Non è una moda, non è un capriccio, è una realtà che, per fortuna, sta sempre più prendendo piede nel mondo.
Le legislazioni internazionali hanno gettato le basi per un giusto intervento: la tutela delle risorse ittiche. Da questo buon presupposto sono sorte alcune associazioni di certificazione di pesca sostenibile tra cui le due principlai, molto attive anche in Italia e in Europa, sono le sopracitate MSC (Marine Stewardship Council) e Friend of the Sea.
Molte sono le critiche mosse a questi enti certificatori (come quella riportata in un articolo del Guardian del 2021), che non stanno facendo abbastanza, che non sono affidabili, che non ci sono adeguati controlli, che anche il pescato sostenibile proviene da un sovrasfruttamento della pesca, che solo il ritorno a una pesca artigianale potrebbe riuscire ad arginare il problema...
La nostra posizione vuole rimanere distaccata, non prendiamo le parti di nessuno, non è nostro compito, ma vogliamo semplicemente sottolineare che iniziare a fare qualcosa (queste certificazioni sono nate da circa una decina d'anni) è sempre meglio di niente.
Sensibilizzare l'opinione pubblica, stabilire dei principi e dei limiti, monitorare regolarmente la situazione degli stock ittici, pubblicare i propri obiettivi e successi in materia di tutela delle risorse marine...è il primo passo che andava fatto.

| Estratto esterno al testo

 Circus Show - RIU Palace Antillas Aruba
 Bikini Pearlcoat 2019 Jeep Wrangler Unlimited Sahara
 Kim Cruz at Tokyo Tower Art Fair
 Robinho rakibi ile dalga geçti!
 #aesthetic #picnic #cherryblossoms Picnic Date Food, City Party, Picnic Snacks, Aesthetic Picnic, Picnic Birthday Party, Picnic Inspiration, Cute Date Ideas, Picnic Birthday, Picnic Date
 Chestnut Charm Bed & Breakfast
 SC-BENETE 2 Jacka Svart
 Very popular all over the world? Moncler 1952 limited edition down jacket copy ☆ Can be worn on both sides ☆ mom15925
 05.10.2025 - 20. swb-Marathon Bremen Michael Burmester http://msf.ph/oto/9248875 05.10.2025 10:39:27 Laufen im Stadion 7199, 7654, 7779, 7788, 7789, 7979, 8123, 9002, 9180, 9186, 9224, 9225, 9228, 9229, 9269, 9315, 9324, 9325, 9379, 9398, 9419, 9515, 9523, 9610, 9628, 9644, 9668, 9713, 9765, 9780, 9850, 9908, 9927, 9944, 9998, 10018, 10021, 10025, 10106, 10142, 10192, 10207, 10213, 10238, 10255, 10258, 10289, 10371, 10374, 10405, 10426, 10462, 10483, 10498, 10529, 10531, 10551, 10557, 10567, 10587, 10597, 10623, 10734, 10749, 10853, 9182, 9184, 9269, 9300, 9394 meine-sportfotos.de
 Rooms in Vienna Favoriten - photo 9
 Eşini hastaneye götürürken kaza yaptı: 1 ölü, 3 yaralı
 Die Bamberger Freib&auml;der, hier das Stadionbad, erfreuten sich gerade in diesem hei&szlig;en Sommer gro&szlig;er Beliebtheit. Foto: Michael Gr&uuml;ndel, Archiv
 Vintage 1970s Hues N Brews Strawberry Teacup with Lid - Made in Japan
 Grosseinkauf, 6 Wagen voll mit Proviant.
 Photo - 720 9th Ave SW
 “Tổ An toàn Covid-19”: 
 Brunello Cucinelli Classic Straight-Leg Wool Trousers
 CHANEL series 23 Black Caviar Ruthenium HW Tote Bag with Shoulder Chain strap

Certo, mai vorremmo che ottenere un marchio di pesca sostenibile diventi esclusivamente un business per vendere di più (ovvio che purtroppo, in parte, lo sia...) e ci aspettiamo che dietro a quei marchi ci sia una scelta consapevole ed etica sia da parte dell'azienda che ne fa richiesta sia da parte dell'ente certificatore.